I’m not going to email the guy. I’ve eaten it enough times to know it’s absolutely better than ordinary chicken. And I do not believe it’s all due to the amazing cooking skills of the restaurants that use it. It’s also a fact that wild salmon tastes better than farmed salmon. I’m not an expert on salmon or chicken culinary biology so I’m not going to explain why these things are true; they just are.

If your point is that Mast Bros. isn’t that great: I agree with you. And I think Spago and Drago Centro are in a different league from Craft.

The Jidori web site says they “start early in the morning, and guarantee that your whole birds are delivered immediately,” so the flesh should be very firm from rigor mortis, which is traditional in Cantonese cooking. The normal practice in the US is to wait a few days for the rigor mortis to subside before sale.

Interesting. I think
there are often things that we don’t get that other cultures just go crazy
over. The fact that millions like something shouldn’t be intimidating. After all,
millions and millions and billions have bought MickyD’s burgers. Popularity is
certainly an important thing, but it isn’t everything.

Two cases for me:

  1. Dezhou Ji/ Dezhou city style chicken.

Somewhat interesting history – interesting methods, and
oddly of little interest to Western diners as far as taste goes.

Dezhou was an important garrison town on the border of the
Zhili direct rule areas (Hebei/Henan I guess) and more southerly areas (don’t’
want to start looking at maps and sites).
The bannermen who worked the garrison weren’t allowed to purchase land
or any property as they needed to be moved as the state needed their services
in different areas. So they used their excess cash on food and theater and
entertainments (well, a whole bunch did). And Dezhou came up with a variation
of how to prepare chicken.

One method of cooking chicken in China was a type of boiling. A raw
chicken was placed in a pot and boiling water poured over it. When the water
had cooled it was drained and another pot of boiling water was poured on the chicken.
This was repeated until the chicken was
cooked. This method results in a very juicy chicken – no direct heat, with a
texture that is often prized in China,
chewy, meaty, etc. but with very little flavor as the chicken absorbs nothing
from the cooking liquid. The chicken was then eaten with a good variety of
dipping sauces which would flavor the meat.

In Dezhou, the
variation was that the boiling water pots were highly seasoned (star anise,
soy, peppers, cinnamon, etc – up to individual chefs) and the resulting in a
much more flavorful meat and still keeping the prized texture.

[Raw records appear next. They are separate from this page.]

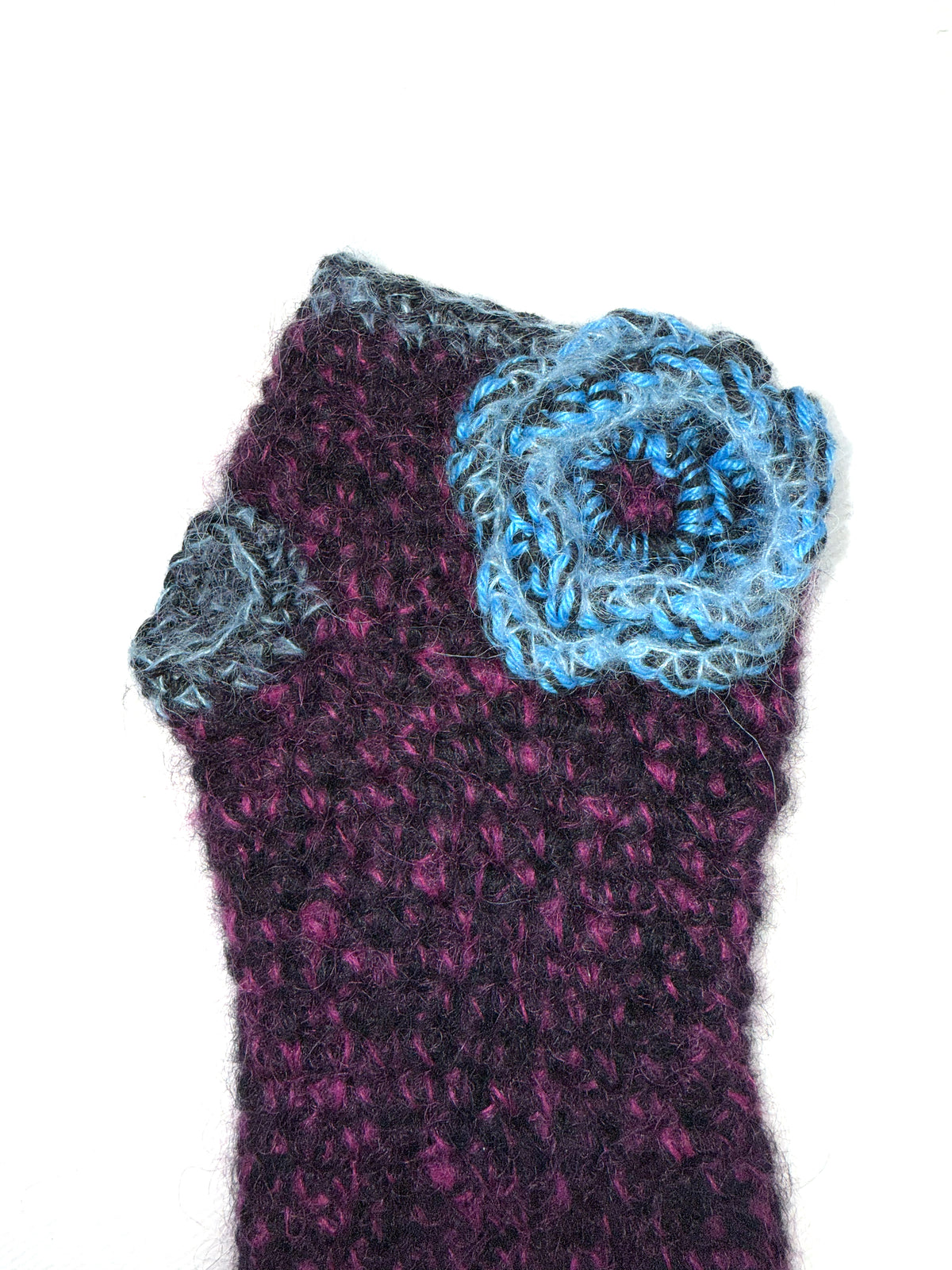 Blue/rose mittens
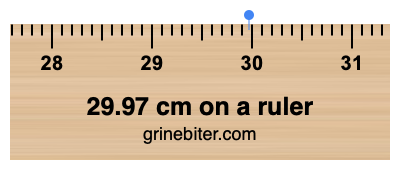 29.97 cm on a ruler Where is 29.97 centimeters on a ruler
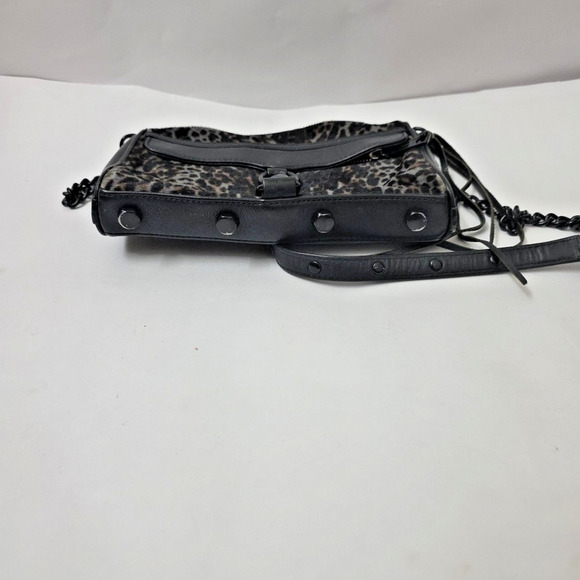 Y2K Rebecca Minkoff Mini MAC Convertible Crossbody Bag Leopard Print Calf Hair - Picture 8 of 11
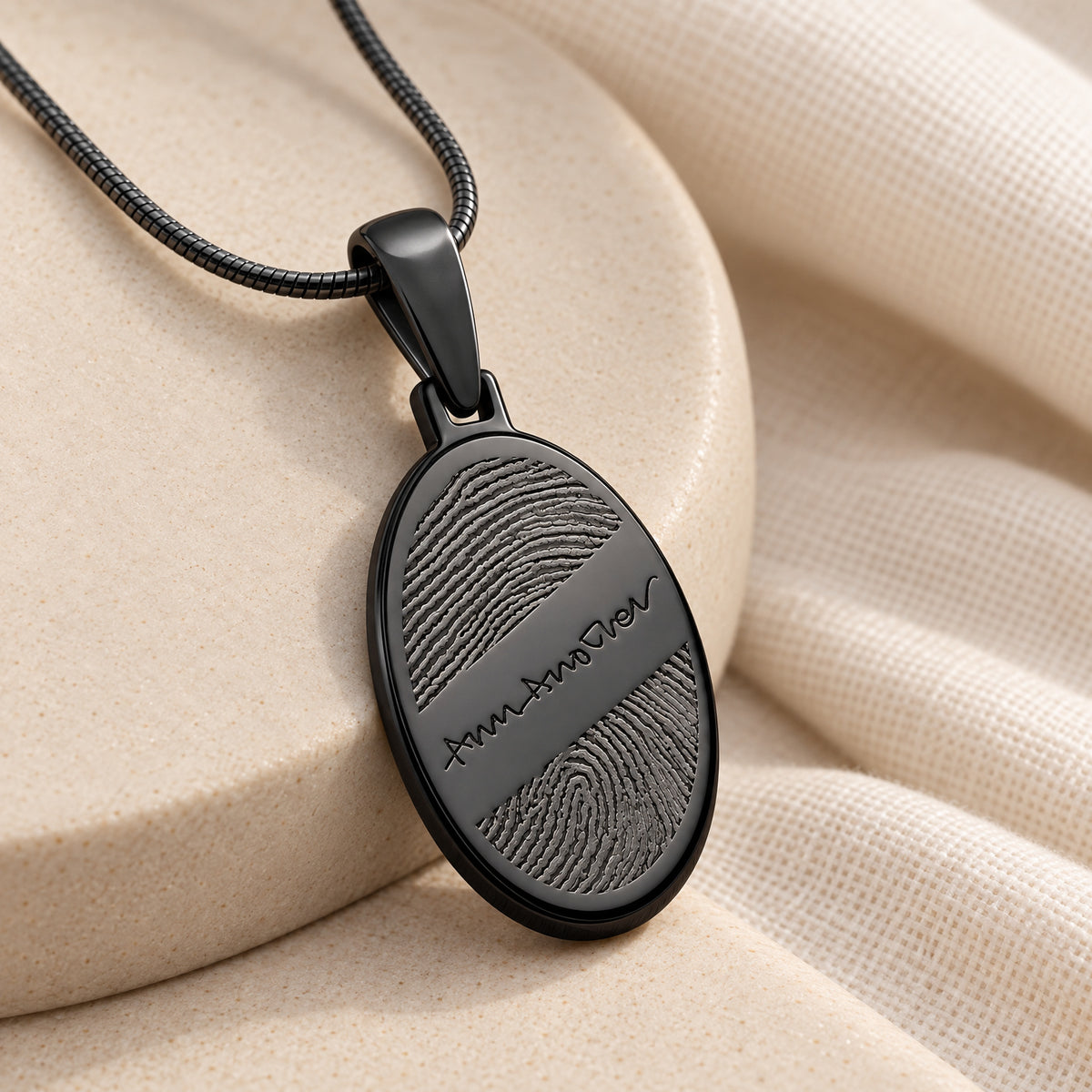 Black Plated Sterling Oval with Signature Fingerprint Necklace — alternate view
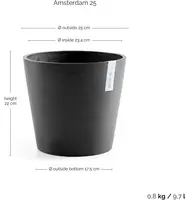 Ecopots kunststof bloempot amsterdam 25x22 cm donker grijs     - afbeelding 4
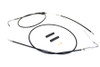V-Twin #24303 - Stainless Steel Throttle and Idle Cable Set Black Coat +8 in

101 Noodle Express in Alhambra,
when they first opened, had a huge sign in Chinese – BIG characters,
proclaiming that they have Dezhou Chicken (they still do). This was their
selling point, at least to the market that could read the sign. So I’d never
had it, although I’d read about it and heard that in China it was made in Dezhou
and shipped in sealed plastic all over the country Went to the resto, tried it.

Well, it was flavorful, but just tasted like any braised chicken. It was
juicier and chewier but those aren’t qualities that I’ve been raised to expect
in good quality chicken – in fact, too juicy and chewy reads as raw-ish to me,
which is on the less desirable scale.
SO, it was fine, it was OK, but nowhere as appealing to me as the beef
roll which I discovered there and the huge variety of dumplings (and the
Beijing style yogurt from the late Blue Cherry of Alhambra which seems to have closed).
So, there you are. I don’t’ think that non-Chinese or let’s say non-East Asian
diners would really get the greatness of Dezhou chicken – maybe on an
intellectual level, but the criteria of the bird aren’t the same.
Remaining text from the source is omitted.